The rain came to Hong Kong while I was there, water falling from the sky.  In my mind, that water brings a new beginning, everything washed and new again. But not here. In Hong Kong, it was gray water falling from a gray sky.  There did not seem to be the same restorative effects of H bonded with 2 O’s.  KL and I were in a market looking for knick-knacks as the sky opened.  Besides the various assortments of sex toys being sold on the street by 4 foot, 10 inch little old ladies (I am not kidding you), most everything in the market was crap.  But if you look long enough you can usually find that one thing that speaks to you about the place you are, the experience you’ve had, and way you want to show that to other people.  KL found three leather-bound notebooks.  One is a small thought book with a snap and a dragon, one has The Chairman adorning the cover, and the last is the big brother of the first.  I found two lighters.  They aren’t good lighters, but they both have The Chairman and several Chinese characters.  

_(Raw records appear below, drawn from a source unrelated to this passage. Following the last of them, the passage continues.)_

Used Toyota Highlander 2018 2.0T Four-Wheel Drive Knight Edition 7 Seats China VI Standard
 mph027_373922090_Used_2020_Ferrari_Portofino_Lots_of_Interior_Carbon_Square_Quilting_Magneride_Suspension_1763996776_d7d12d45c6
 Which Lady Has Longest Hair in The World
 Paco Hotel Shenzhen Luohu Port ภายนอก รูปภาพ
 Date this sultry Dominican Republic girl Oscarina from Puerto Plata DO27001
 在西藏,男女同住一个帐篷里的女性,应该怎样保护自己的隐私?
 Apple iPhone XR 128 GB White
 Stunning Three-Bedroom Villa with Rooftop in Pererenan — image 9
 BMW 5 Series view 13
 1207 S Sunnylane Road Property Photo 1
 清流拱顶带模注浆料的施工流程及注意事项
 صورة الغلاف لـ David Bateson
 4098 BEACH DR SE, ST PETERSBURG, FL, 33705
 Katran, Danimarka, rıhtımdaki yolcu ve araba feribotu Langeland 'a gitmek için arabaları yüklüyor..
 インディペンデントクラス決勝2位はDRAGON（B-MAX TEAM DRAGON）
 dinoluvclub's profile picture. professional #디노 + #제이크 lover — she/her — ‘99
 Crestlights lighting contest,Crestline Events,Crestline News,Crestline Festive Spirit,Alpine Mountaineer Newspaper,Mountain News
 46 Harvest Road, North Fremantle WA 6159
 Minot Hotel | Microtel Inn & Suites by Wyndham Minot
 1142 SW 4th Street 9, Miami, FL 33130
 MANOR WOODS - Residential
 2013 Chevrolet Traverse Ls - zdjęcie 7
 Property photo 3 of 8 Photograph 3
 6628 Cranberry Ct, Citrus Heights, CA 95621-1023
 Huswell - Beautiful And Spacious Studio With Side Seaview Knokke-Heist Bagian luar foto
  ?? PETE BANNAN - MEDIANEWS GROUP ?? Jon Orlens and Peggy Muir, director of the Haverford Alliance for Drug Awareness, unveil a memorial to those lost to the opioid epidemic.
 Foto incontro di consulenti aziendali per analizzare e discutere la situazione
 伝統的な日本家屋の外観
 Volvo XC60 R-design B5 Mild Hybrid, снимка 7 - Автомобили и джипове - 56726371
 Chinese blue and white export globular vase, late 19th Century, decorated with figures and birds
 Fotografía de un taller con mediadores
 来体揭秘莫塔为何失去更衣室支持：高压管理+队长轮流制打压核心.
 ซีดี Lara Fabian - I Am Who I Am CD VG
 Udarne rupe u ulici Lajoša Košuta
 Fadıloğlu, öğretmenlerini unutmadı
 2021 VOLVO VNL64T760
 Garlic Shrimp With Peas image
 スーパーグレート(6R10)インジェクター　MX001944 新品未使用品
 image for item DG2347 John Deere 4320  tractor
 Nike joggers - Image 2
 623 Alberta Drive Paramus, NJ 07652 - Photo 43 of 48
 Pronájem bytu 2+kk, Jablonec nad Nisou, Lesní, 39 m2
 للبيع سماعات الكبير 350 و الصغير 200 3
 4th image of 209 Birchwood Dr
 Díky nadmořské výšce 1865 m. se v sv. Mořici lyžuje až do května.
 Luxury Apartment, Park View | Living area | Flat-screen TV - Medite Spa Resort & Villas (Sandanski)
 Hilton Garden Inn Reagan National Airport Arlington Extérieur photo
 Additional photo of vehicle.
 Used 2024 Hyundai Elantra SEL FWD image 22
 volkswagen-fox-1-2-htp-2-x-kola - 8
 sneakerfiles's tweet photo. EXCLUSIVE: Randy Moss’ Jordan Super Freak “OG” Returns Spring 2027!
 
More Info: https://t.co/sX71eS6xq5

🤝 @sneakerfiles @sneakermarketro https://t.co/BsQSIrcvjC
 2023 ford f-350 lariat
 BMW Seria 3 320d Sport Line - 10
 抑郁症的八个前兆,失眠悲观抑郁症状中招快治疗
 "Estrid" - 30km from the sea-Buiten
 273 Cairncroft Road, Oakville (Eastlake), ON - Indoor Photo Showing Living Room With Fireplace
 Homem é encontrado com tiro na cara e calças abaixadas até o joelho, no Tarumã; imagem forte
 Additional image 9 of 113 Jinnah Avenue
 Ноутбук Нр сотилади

As the rain came down, I asked how much I would have to part with to take these small treasures home.  “8 dollar.  8 dollar,” is what I was told. 

“Well, how much for two of them?  I’ll give you 12 dollars,” I said. 

He looked at me with a little disgust. “16 dollar for two.  No bargain.  No bargain here.  We no bargain.” 

With an “OK,” I began to walk off.  He came around very quickly.  I don’t know if it was a product of my bold haggling techniques or if it was because the rain promised not many more people would be out today looking for tacky lighters. But he grabbed my shoulder and sighed, “OK, OK, 12 dollar.”  Then he mumbled something that I deciphered to mean, “Asshole,” in whatever language he mumbled it in, and I gave him the money.  I guess it is no surprise that the lighters had absolutely no fuel inside.  Not a smidge.  He was selling me a lighter, not a lighter that worked.  For that I really would have had to spend 16 dollars.